Esta advertencia de López Obrador arrancó aplausos. No obstante, hasta el momento, todavía no hay información sobre con qué tipo de reformas o cambios en la operación del gobierno acompañará su postura. Si habrá algún cambio, por ejemplo, en la manera que se entregan contratos por adjudicaciones directas, ha sido una gran incógnita. Si nombrará a una persona cercana a él o finalmente dejará en manos de la Cámara de Diputados elegir al fiscal anticorrupción, también estaría por conocerse.
Nada mal para un país como México que su nuevo Presidente ostente un perfil de honestidad y que, en esa misma medida, exija a su equipo no robar un peso. Pero el tema es mucho más complejo. Ningún país en el mundo ha podido cantar victoria y, mucho menos, aventurarse a gritar que ha erradicado la corrupción por completo.
Las naciones más avanzadas en esta materia como Noruega, Suecia o Finlandia han diseñado sistemas que inhiben la corrupción, reglas del juego estrictas y castigan a quienes pudieran ser sorprendidos robando del erario. Es decir, no se trata de una persona, por honesta que sea. El combate a la corrupción es mucho más complejo, estamos ante uno de los flagelos que han enfrentado las democracias –y también otras formas de gobierno- en el mundo durante décadas. Algunas con mayor éxito que otras, pero ninguna podría decir que la erradicaron por completo. No hay vacunas para este mal.
Pero independientemente de lo anterior el reto de enfrentar a la corrupción tiene otra arista que tocará a la futura administración de López Obrador. Las encuestas sobre preferencias electorales mostraron que la gente en México castigó al Gobierno de Enrique Peña Nieto por sus actos de corrupción y, sobre todo, por el manto de impunidad que tendieron sobre los servidores públicos que pudieran resultar afectados.
No obstante, López Obrador ha dicho que no tocará al actual Presidente, como si el reportaje llamado “La Casa Blanca de Enrique Peña Nieto” no hubiera existido. En esa misma situación, en el pasado innombrable, quedaría el resultado de otras investigaciones periodísticas como “La Estafa Maestra” en la cual se evidenciaron contratos ilegales por unos 403 millones de dólares (7.670 millones de pesos mexicanos) en 11 dependencias.
En una entrevista reciente, López Obrador dijo que sólo actuarán si hay denuncias ya presentadas cuando lleguen al Gobierno. En el segundo caso sí hay investigaciones oficiales abiertas pero si fuese necesario profundizar o abrir nuevas líneas a seguir ¿qué harían? Pero más allá de esto, en los siguientes meses, antes de que Peña Nieto deje el poder, seguramente surgirán a la luz pública más trabajos periodísticos escudriñando las entrañas de lo que ha sido una administración pública corrupta. ¿Qué harán entonces? ¿Seguirán adelante sin ver, sin prestar atención?

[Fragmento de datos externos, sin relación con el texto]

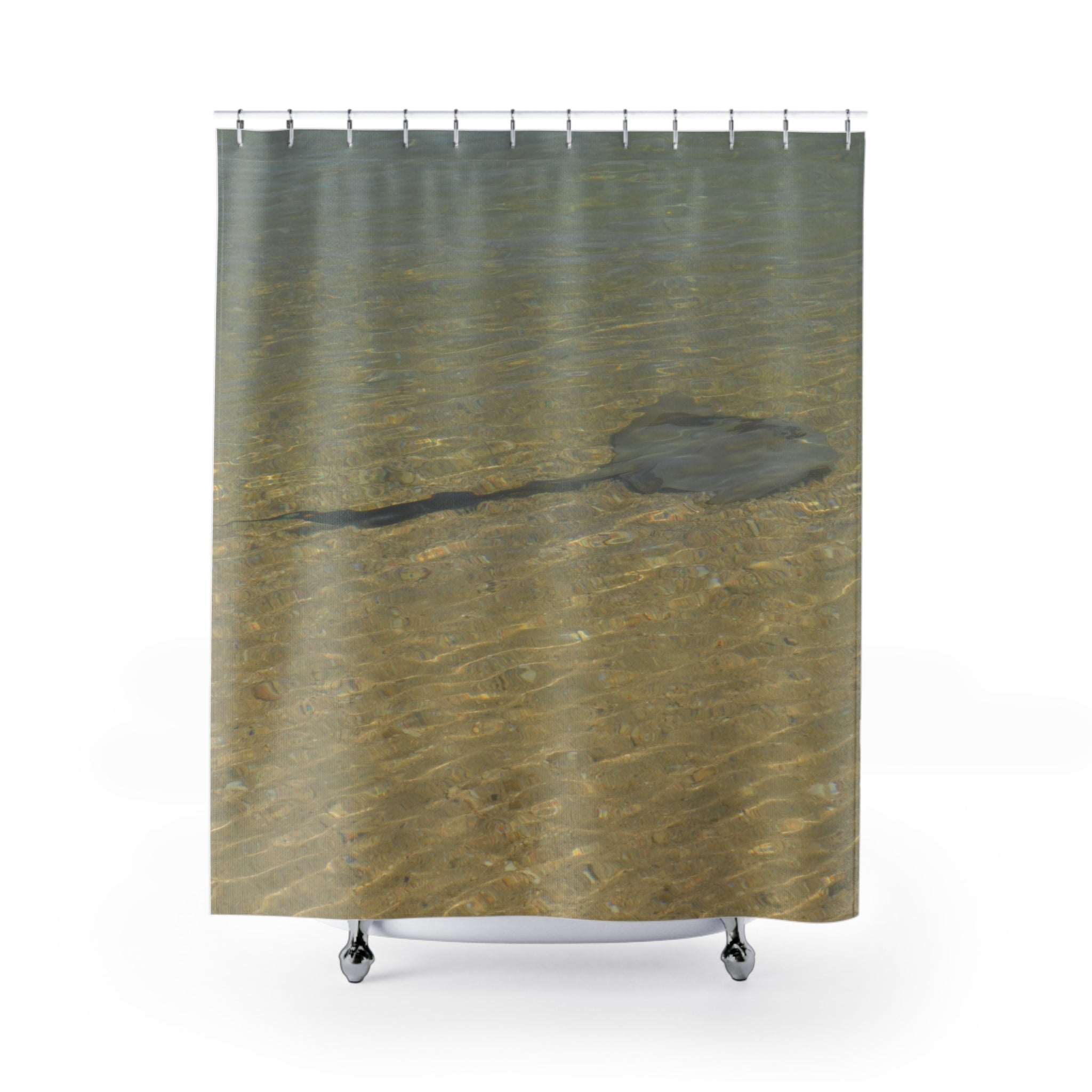 Sting Ray Ocean -Calming Oceanic Shower Curtain - Underwater Stingray Design for Beach Lovers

Hacia el futuro, López Obrador ya advirtió qué sucedería si sorprenden a alguien en actos de corrupción. Sus palabras arrancaron aplausos entre los seguidores, es más, lo ovacionaron. Pero en realidad esto debería ser un espejo. Hay cosas que la clase política en México debería leer con atención: la corrupción y la impunidad desatendidas se cobran en las urnas.